Ce jour-là, j’ai réellement failli abandonner. Et pourtant, quelque chose m’a retenu. Cette leçon m’accompagne encore aujourd’hui, dans ma vie professionnelle comme personnelle.


Le jour où j’ai voulu arrêter

C’était un matin où chaque pas était une lutte. La veille, j’avais marché quarante kilomètres. Le lendemain devait être identique. Les paysages restaient magnifiques, mais je n’y prêtais plus attention. La fatigue occupait tout l’espace.

Une douleur a commencé à monter dans ma jambe gauche. Profonde. Lourde. Presque brûlante.

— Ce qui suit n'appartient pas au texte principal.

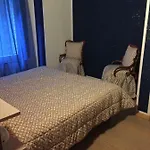 דירה La Casa Di Martino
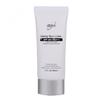 White UV Protection Sunscreen SPF50+ PA+++ (60ml 2.03fl.oz)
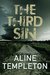 The Third Sin (DI Marjory Fleming #9)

Elle transformait chaque pas en épreuve. Je me suis arrêté. J’ai posé mon sac. Et, pour la première fois depuis le début du chemin, j’ai pensé : « Je ne peux plus. »

Avez-vous déjà vécu cela ? Ce point de rupture où continuer vous semble impossible, presque absurde ?

Assis sur un muret, j’ai senti la tentation de tout arrêter. De mettre un terme à cette aventure. De renoncer.


La tentation d’abandonner

Ce que beaucoup ignorent avant de marcher des centaines de kilomètres, c’est que la fatigue ne touche pas seulement le corps. Elle envahit aussi le mental, le sens, la motivation. Et lorsqu’elle arrive, une petite voix intérieure s’invite, beaucoup plus persuasive qu’on ne l’imagine.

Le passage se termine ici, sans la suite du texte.